Key points from the National Weather Service residents should know include:
- A new circulation had formed further Norther;
- Alberto’s track shifted a bit farther east (now officially near the Alabama- Florida border region), but is still way too early to start pinning it down;
- Multi-day excessively heavy rainfall event unfolding with 6-12” closer to
coast and 4-7” inland.

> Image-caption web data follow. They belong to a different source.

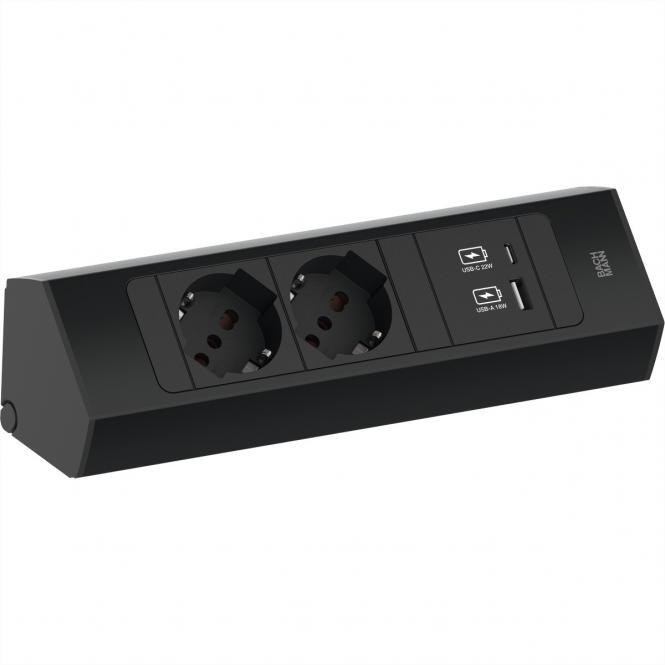 CASIA2 2xP40 1xUSB A/C 22W, 2,0m AEH, RAL9005, Italien 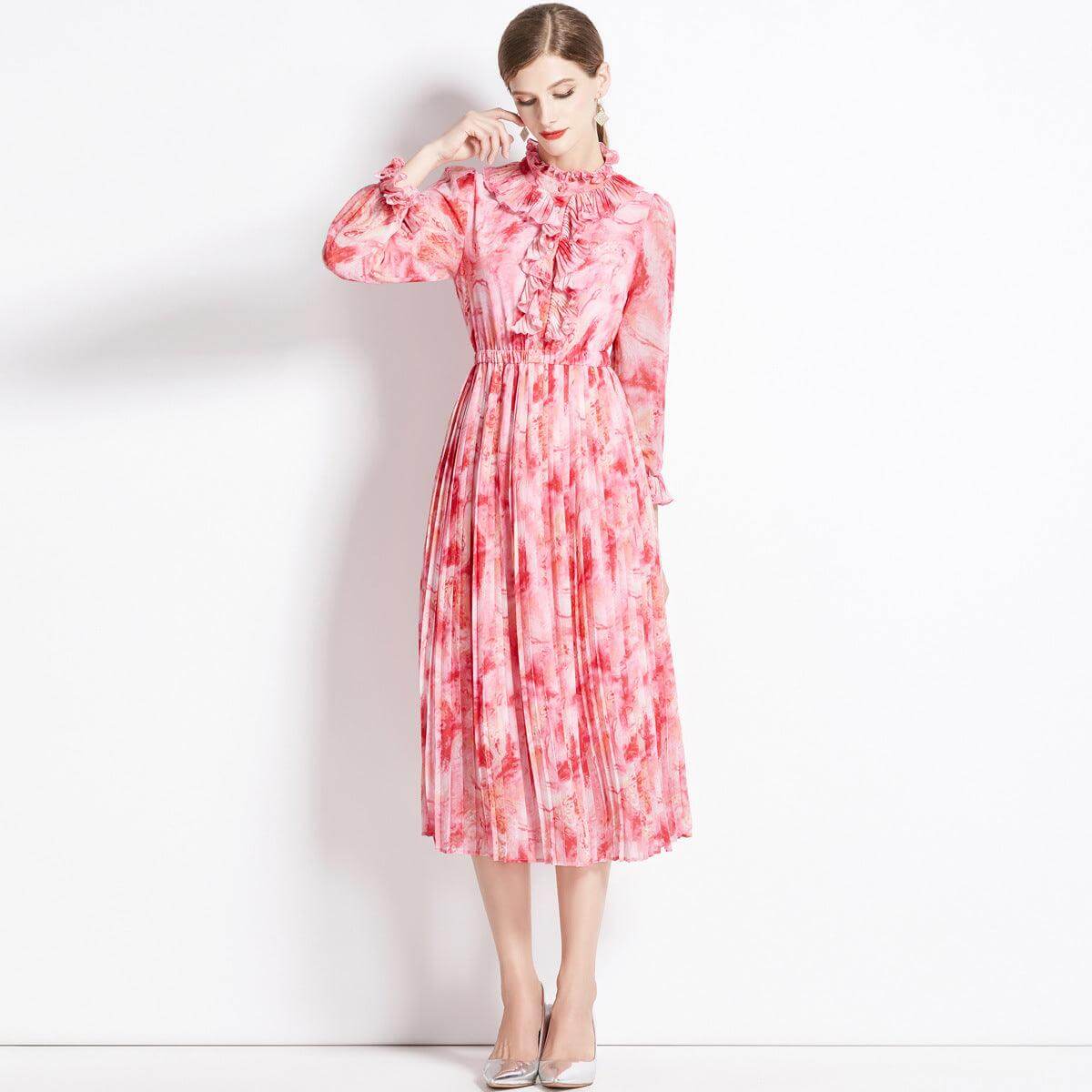 Elegant French Floral Chiffon Dress with Long Sleeves for Women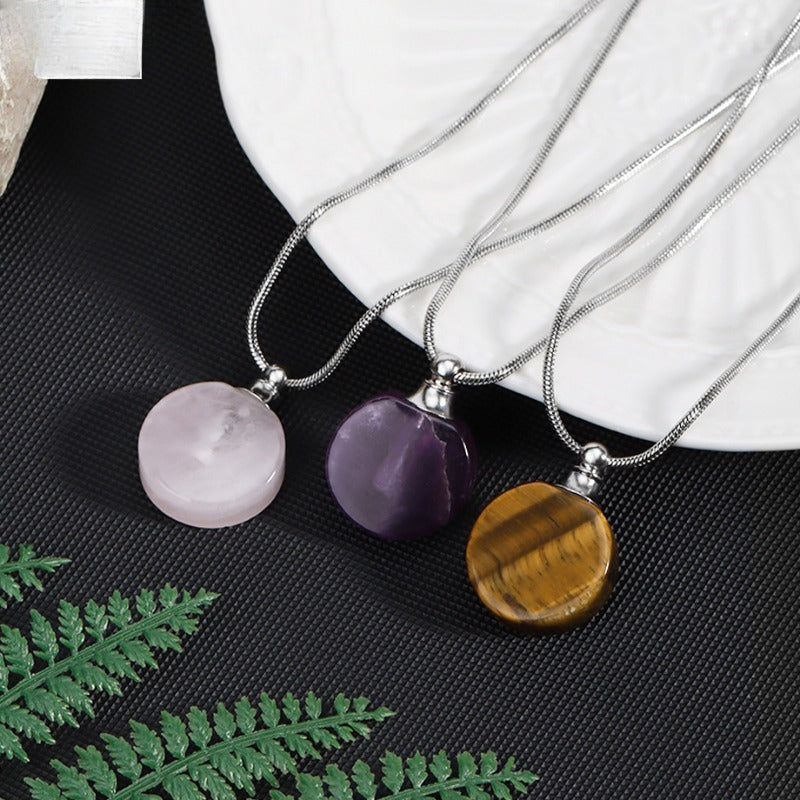 Wholesale Natural Stone Crystal Essential Oil Bottle Pendant Necklace ACC-NE-HuaiShe003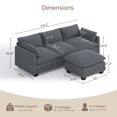 thumbnail image 5 of L Shaped Sectional Sofa Set, Lofka Modern Corduroy 110.2" L Shaped Modular Sofa with flexible ottoman, 3-Seater Sofa & Loveseat for Living Room, Dark Grey, 5 of 14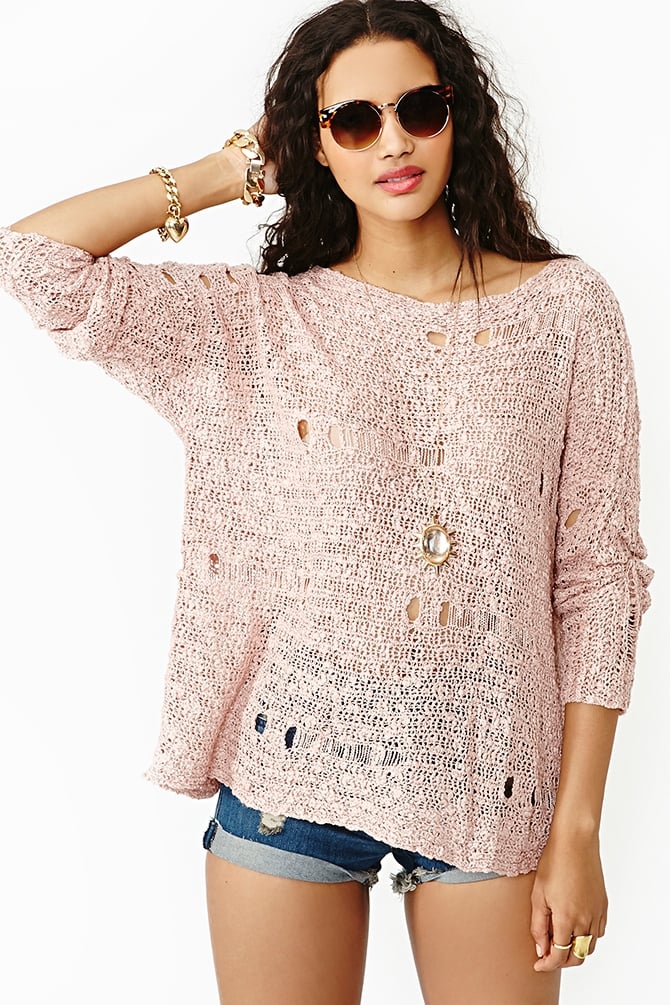 Nasty gal Cut Loose Knit Blush in Pink | Lyst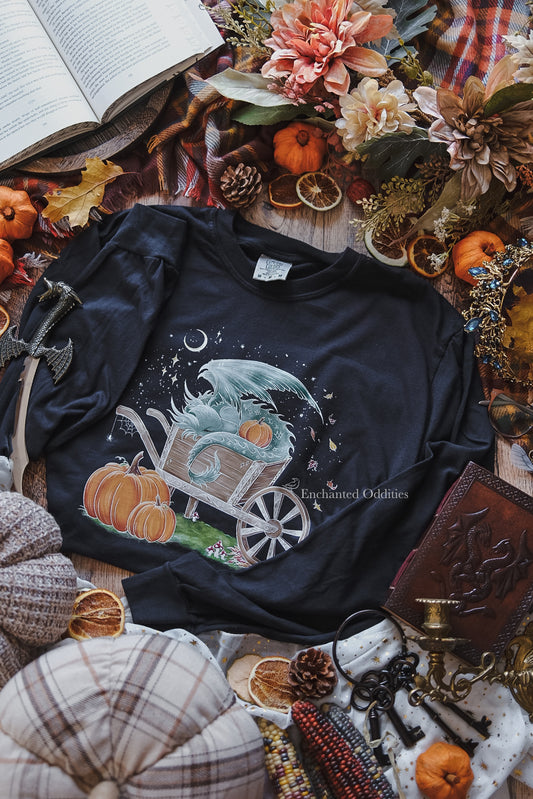 Sleepy Harvest Dragon Printed Long Sleeve Tee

Some locations could see 10-15” east of the low center.
Looking now at lowering rainfall amounts west of low center (but will not go
too far since early).
- Prolonged tornado threat due to our region being in right-front quadrant of
Alberto for almost 1.5 days.
- Lingering river flooding next week – could hamper response and recovery.
Key current observations:
- Thunderstorm activity developing around closed low center.
- However, deep convection still sheared off to east.
- Pressures falling (999 mb) and better development underway.
- Center clearly drifting more west past few hours.
A tropical storm watch is currently in effect for the following counties
In Northwest Florida:
- Santa Rosa
In Southwest Alabama:
- coastal and center portions of Mobile and Baldwin counties.
The same counties are also under a storm surge watch.
NWS has issued the following evolution and impact windows:
- Midnight (Sat., May 26): Coastal water level rises begin late in the day and long period swell and high surf arriving and developing along the coast during the day
- 7 a.m., Sun., May 27: Coastal water levels continue to rise; continuous rain overspreading southern counties; water for greater than expected intensification;
- 7 p.m., Sun., May 27: Things go downhill from this point on; coastal water levels rise; winds along coast really increase overnight.
- Monday: Landfall late Monday somewhere in the Mississippi-Alabama-Florida region.
Coastal wind impacts increasing 35-45 mph sustained with higher gusts.
- Very heavy rain with flooding and isolate tornadoes.
- Tuesday: system just inland but moving very little. Likely serious flooding impacts and it transitions to depression intensity.
- Tornado threats shift inland.
- Rivers likely rising rapidly and heavy rain, flash flood threat ongoing.